In Colombia, Bancolombia has attracted its private banking clientele to international equity markets, in particular the United States, driven by IMF estimates for US economic growth of 6.4% in 2021. “We are planning major investments by our customers in the US equity market, even with the risks there, ”says Juan Felipe Giraldo, president of Valores Bancolombia, which increased its total assets by 4% last year. Giraldo observes that wealth management in Colombia has attacked foreign competitors, but the bank’s ESG funds have turned out to be attractive.

Banco Cuscatlan doubled its private banking clientele in one fell swoop when it acquired Scotiabank’s wealth management operations in El Salvador last year. It now serves some 1,200 high net worth individuals with $ 300 million in assets under management, which is impressive in a small Central American economy where less than 1% have the $ 500,000 to qualify for private banking services.
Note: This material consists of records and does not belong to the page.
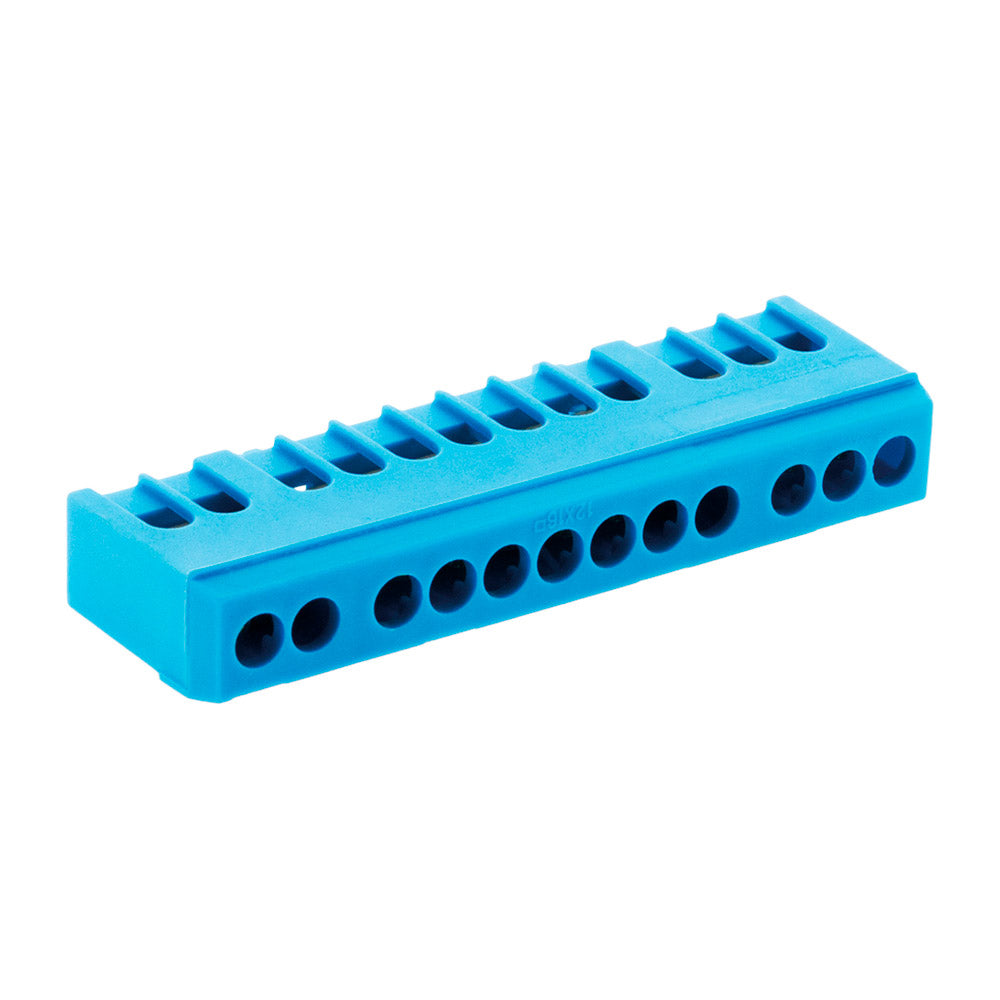 Bornier Neutre Bleu 12 Modules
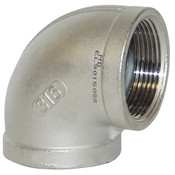 Dixon EL90100SS 1 x 1 90 Threaded Elbow 316 SS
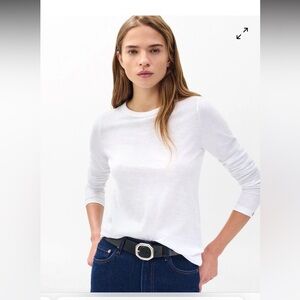 Rag & Bone The Slub Long Sleeve - bright white, XS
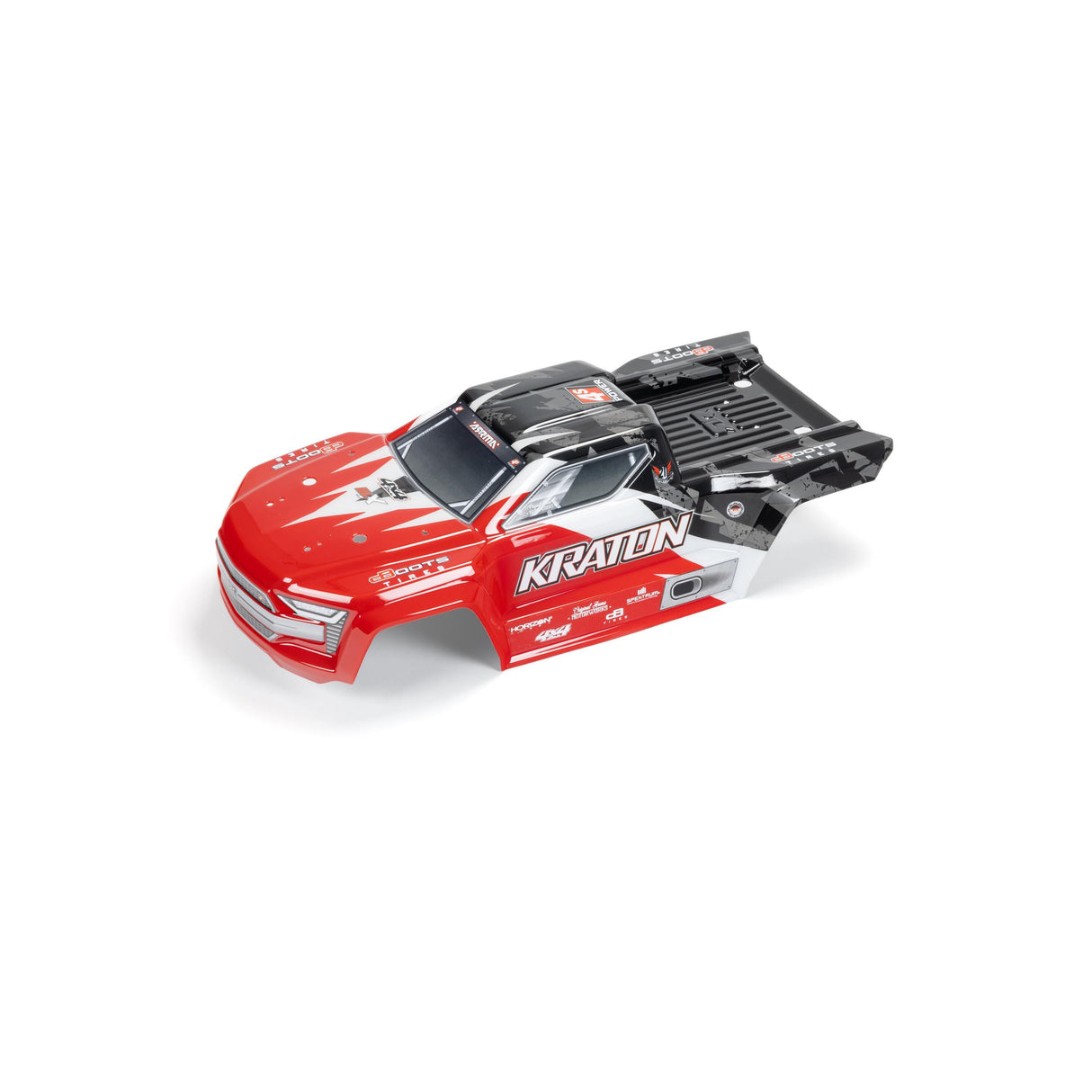 Kraton 4x4 BLX Painted Decaled Trimmed Body (Red/Black)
Its private bank could be bolstered by a government effort, already underway, to build an offshore financial center. “We hope to manage here the Central American wealth which is today invested abroad”, declared José Eduardo Luna, executive director of Banco Cuscatlan. He estimates that the implementation will take another two years, taking into account the necessary legislative changes. “The fact that El Salvador is a dollarized economy close to the United States, and a hub of Avianca, favors this project,” says Luna. “[It could] bring to our private banking sector the deposits of the richest citizens of our neighbors.

One thing seems clear: the richest in Latin America will continue to enjoy a plethora of options.